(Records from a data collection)
★ ★ ★

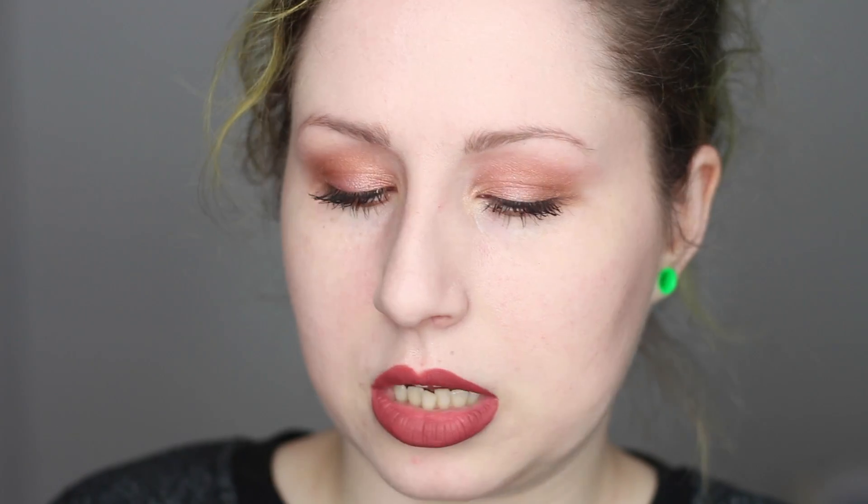The actual scent does smell a little bit like fuzzy peaches — it's definitely that sort of chemically candied peach smell. It's not like an actual fresh peach; it definitely has that fake candy smell. It smells really good, and when you open it up on your vanity you do smell it. You don't really smell it on your eyes though, it just kind of dissipates. But if you open it up and smell it, it smells good.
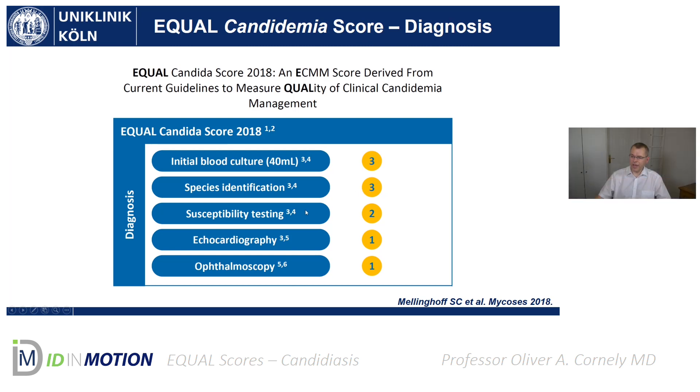Susceptibility testing is not recommended with an A1 — it's somewhat weaker. Whether it's an A2 or a B1, either way leads to a score of two points. Then echocardiography and other items follow, but I won't go through all of these since the principle is now clear.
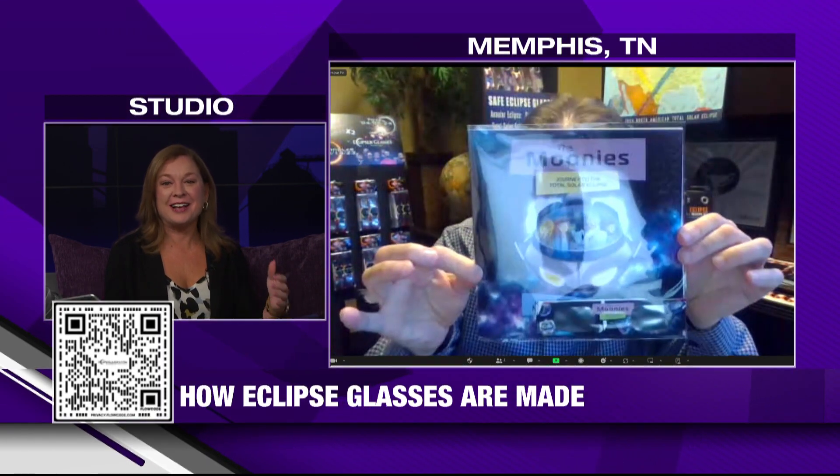People can purchase your daughter Meg's book, The Moonies, on your website. How has it been partnering with her for these types of projects? She had just finished getting her master's in English, and I kind of had this itch I wanted to scratch about this book. I gave her an outline, she wrote it, and then Jason here in her office got it illustrated — it turned out great. I don't want to give away a spoiler, but there's a fun creature in the book that helps save the day to make sure everybody sees totality.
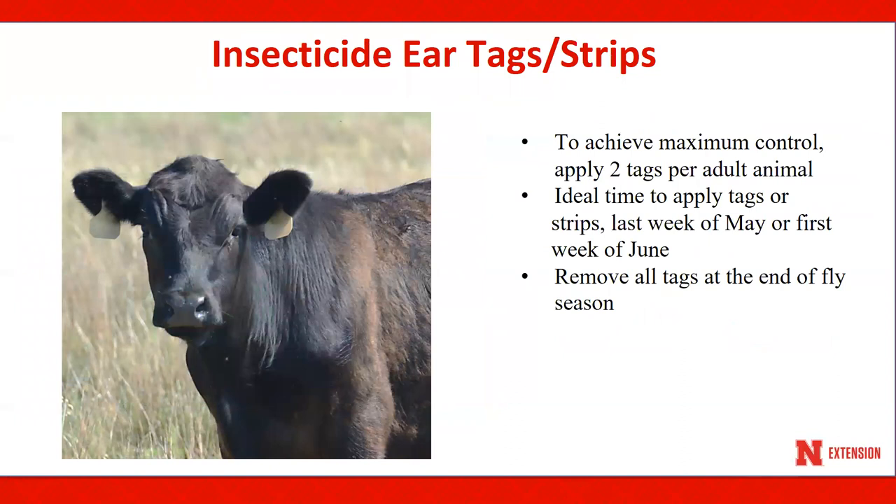Insecticide ear tags and strips have one or more insecticides embedded in a plastic matrix. Movement of the head or grooming of the animal slowly releases small amounts of the insecticide over time that travels through the hair coat of the animal. In Nebraska, ear tags and strips should be applied during the last week of May or the first week of June to achieve maximum control throughout the fly season. Ear tags and strips applied too early may decline in efficacy while fly numbers continue to increase throughout the remaining part of the summer, resulting in economic loss. Adult animals should receive two tags or strips. Tagging just the calf will not provide the desired level of hornfly control on the mother cow. All insecticide ear tags and strips should be removed at the end of each fly season to help manage fly resistance.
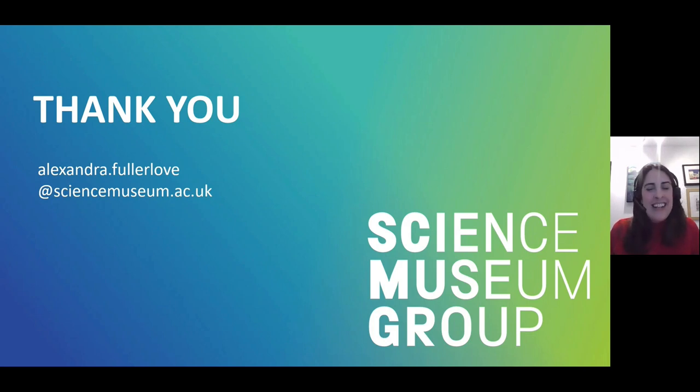Thank you all for listening. If you have any questions, please do get in touch and my details are on the screen. Thank you again.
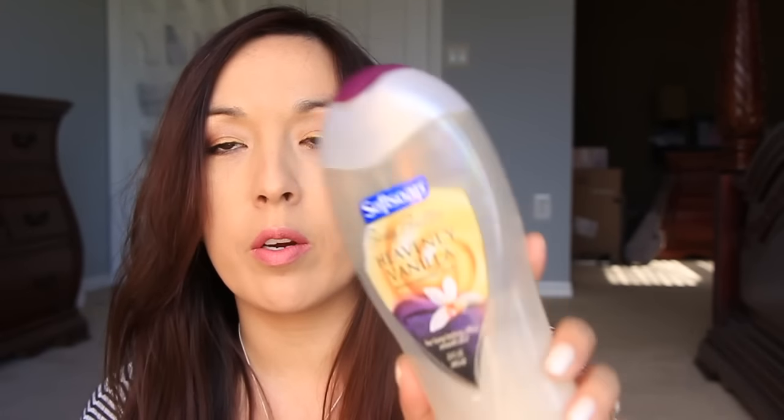Next I have from Soft Soap this is the Body Butter in Heavenly Vanilla. This one's really good — I have another one just like this in my shower. I really like the scent, it's very soft and very creamy, and it leaves my skin very smooth after the shower.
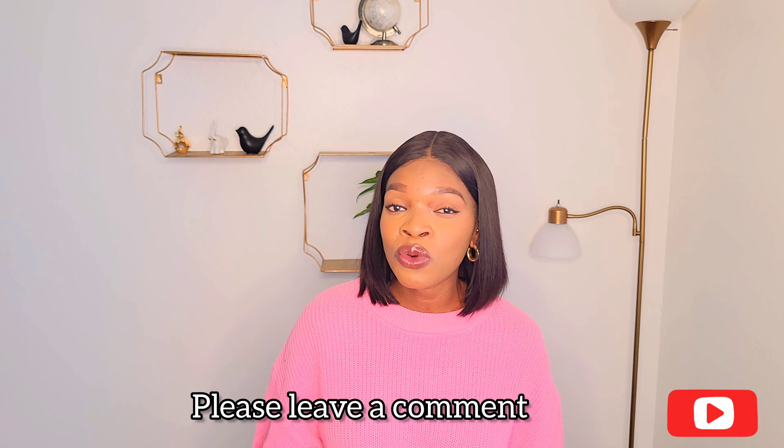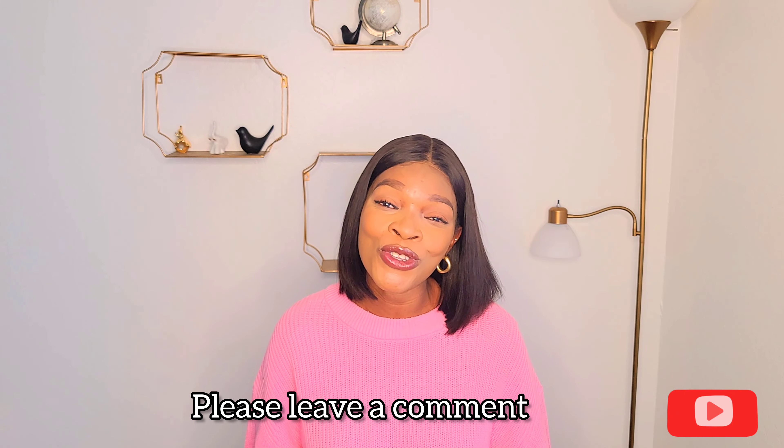I hope you enjoyed this video. Please let me know in the comment section if you have any other questions — I am always in my comment section responding to you guys. Don't forget to subscribe to my channel, give this video a thumbs up, and share it with friends and family who might find it helpful. Till I come your way next time, stay fabulous and stay beautiful.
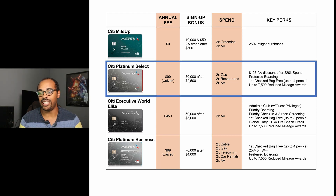The next card is the Citi Platinum Select. This has an annual fee of $99, which is waived in the first year. It has a sign-up bonus of 50,000 miles once you spend $2,500 within the first three months. In terms of spend bonus categories, you get two miles back on gas, restaurants, and American Airlines purchases.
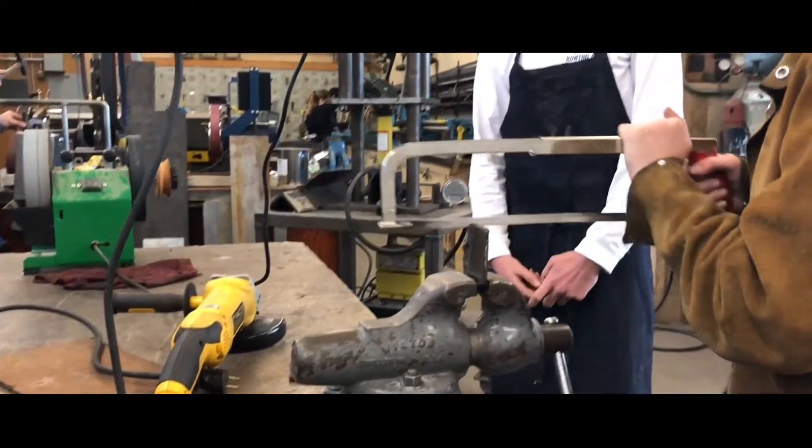The favorite unit that's probably been taught is definitely machining on the lathe. Unofficially though, I have been smelting a lot of things, so that's also been fun.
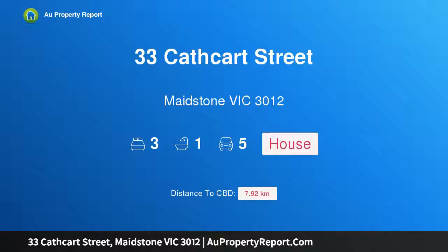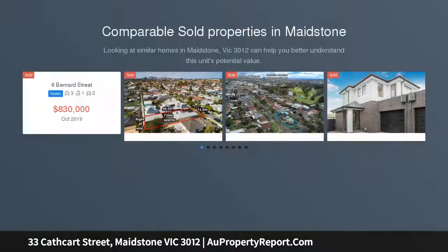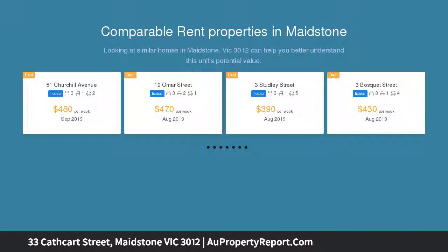Hi, I am glad to introduce property 33 Cathcart Street, Maiston Victoria 3012. Classic charm in a prime location, sensationally nestled within a central location enhanced by all amenities, this three bedroom one bathroom home is superbly presented with classic era beauty.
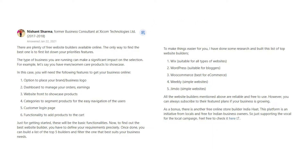Nishant Sharmov says: There are plenty of free website builders available online. The only way to find the best one is to first list down your priority features. The type of business you are running can make a significant impact on the selection. For example, let's say you have men's and women's care products to showcase.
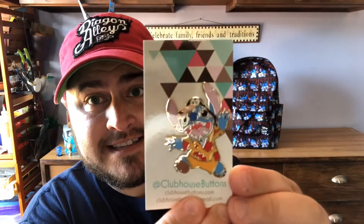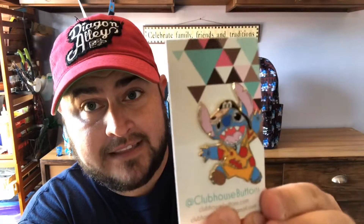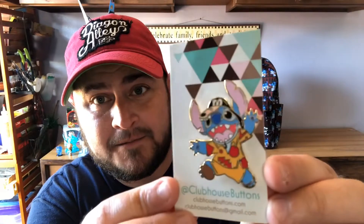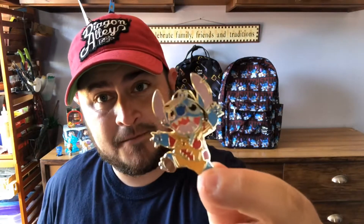I got three different mashup pins and they're all Stitch related, because as you know, I love Stitch. The first one is Stitch dressed up in a touristy Disneyland outfit — it kind of looks like the outfit the genie wears at the very end of Aladdin when he's going to Disneyland. These are a two-pin back. I love Stitch — look at how cute he is with that little goofy hat. I really like this pin.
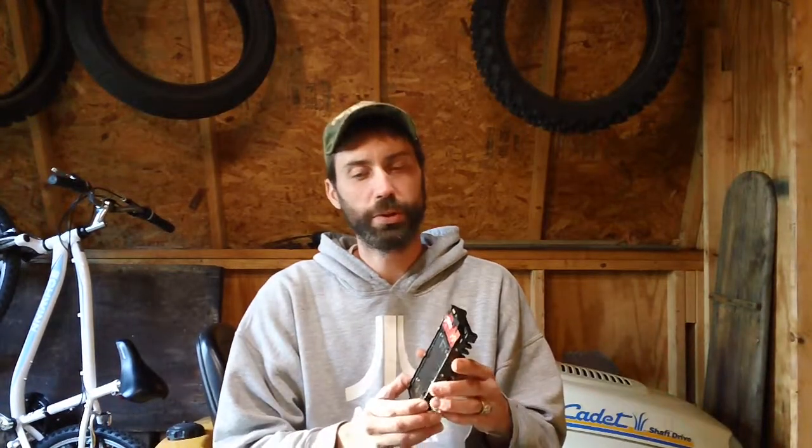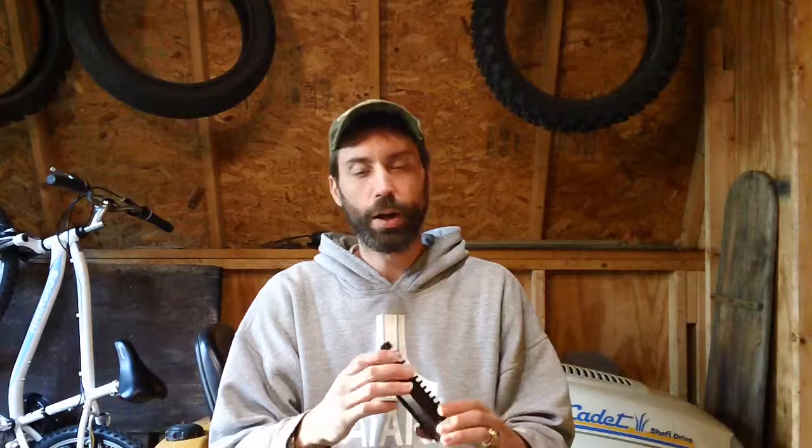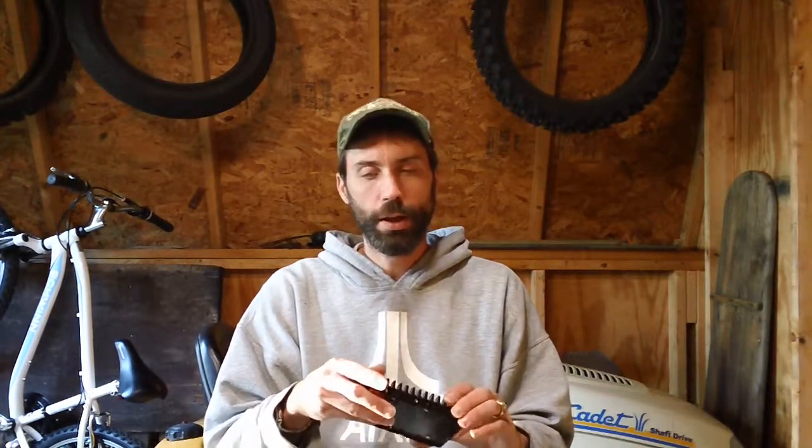I got a 2006 Gateway computer recently and my hard drive was giving me problems. I had a Western Digital Velocity Raptor installed back in 2010, and my computer is basically on 24 hours a day, 7 days a week. It was starting to give me some problems this past week — I ran some tests and it was telling me it had bad sectors and errors on the drive.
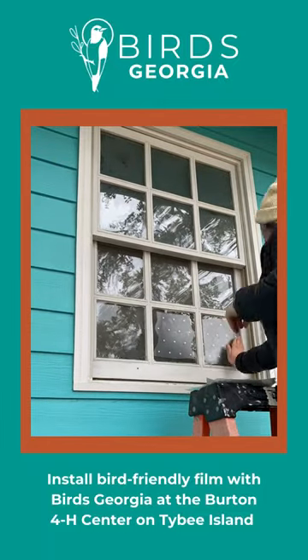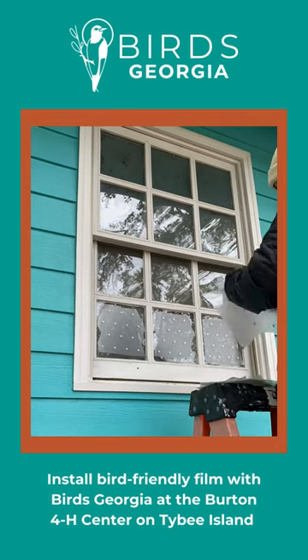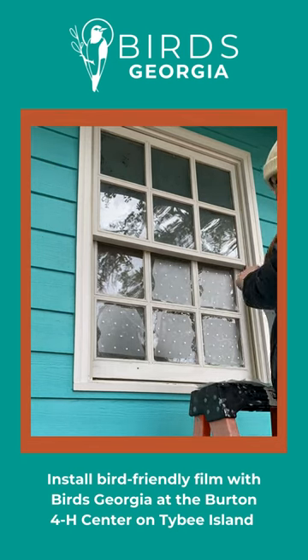Install bird-friendly film with Birds Georgia. Did you know? Sources estimate up to 1 billion birds die annually due to building or window collisions in the United States.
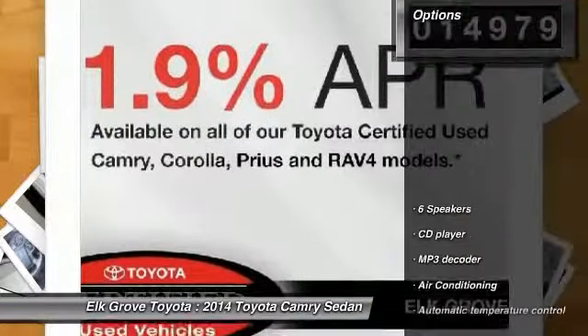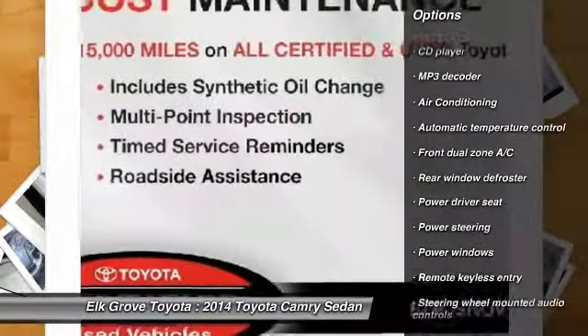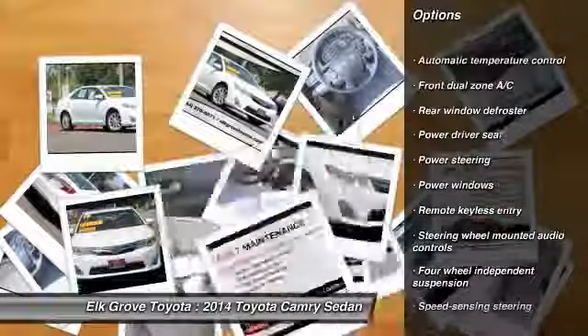Here are some of this vehicle's great options: traction control, air conditioning, dual airbags, power steering, alloy wheels, and four-wheel disc brakes.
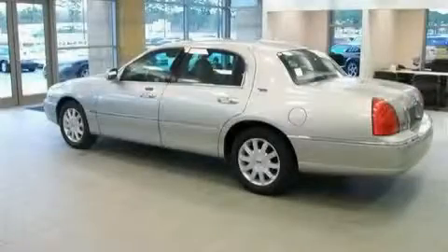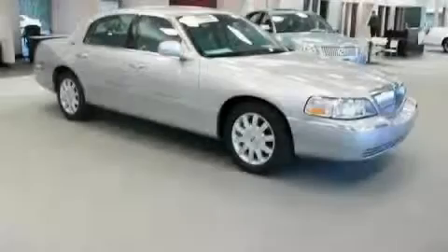It features a 4.6-liter, eight-cylinder engine and a four-speed automatic transmission. Stop by today and test drive this car for yourself.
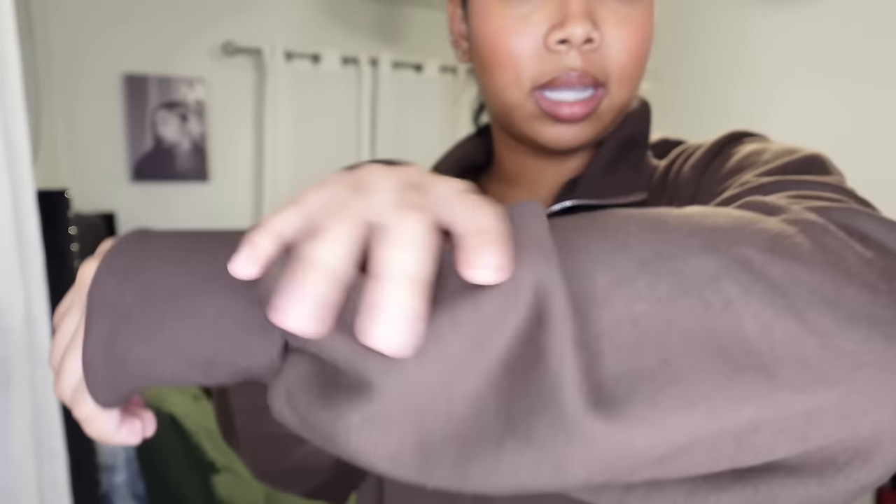This next item is a hoodie. I got it a size large so it looks super big, but it's super cute and comfortable. The material is thick and it has a zipper that you can zip all the way up or leave down. It also has a pocket in the middle — very cozy.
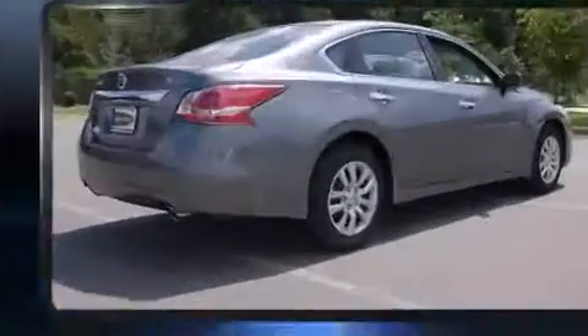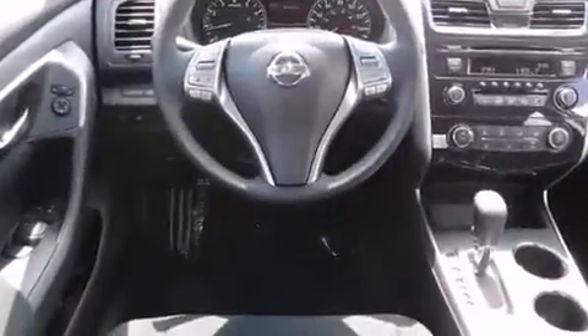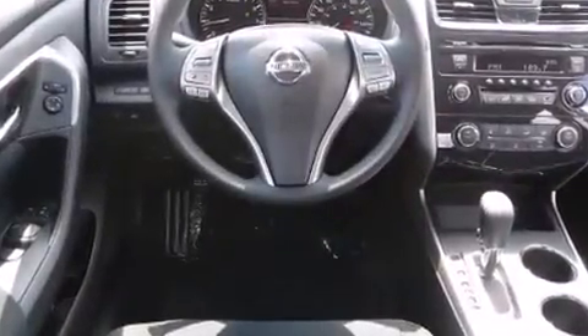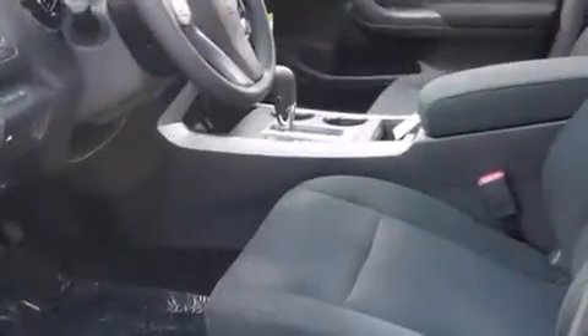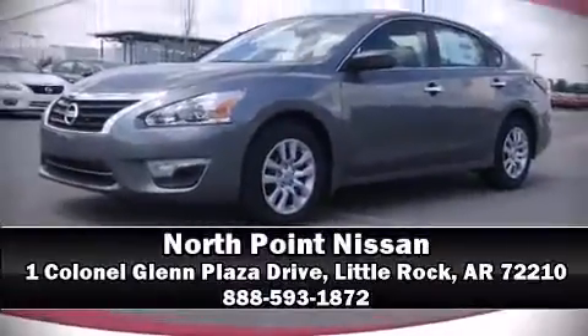Premium sound drives six speakers, providing you and your passengers a sensational audio experience. Side-curtain airbags deploy in extreme circumstances, shielding you and your passengers from collision forces. Please don't hesitate to give us a call.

★ ★ ★

# Task instructions
Repeat only the lines between the start of the data and the line with "Susceptibility testing is", including those two lines, and skip the pictures.

# Solution for this exercise
The actual scent does smell a little bit like fuzzy peaches — it's definitely that sort of chemically candied peach smell. It's not like an actual fresh peach; it definitely has that fake candy smell. It smells really good, and when you open it up on your vanity you do smell it. You don't really smell it on your eyes though, it just kind of dissipates. But if you open it up and smell it, it smells good.
Susceptibility testing is not recommended with an A1 — it's somewhat weaker. Whether it's an A2 or a B1, either way leads to a score of two points. Then echocardiography and other items follow, but I won't go through all of these since the principle is now clear.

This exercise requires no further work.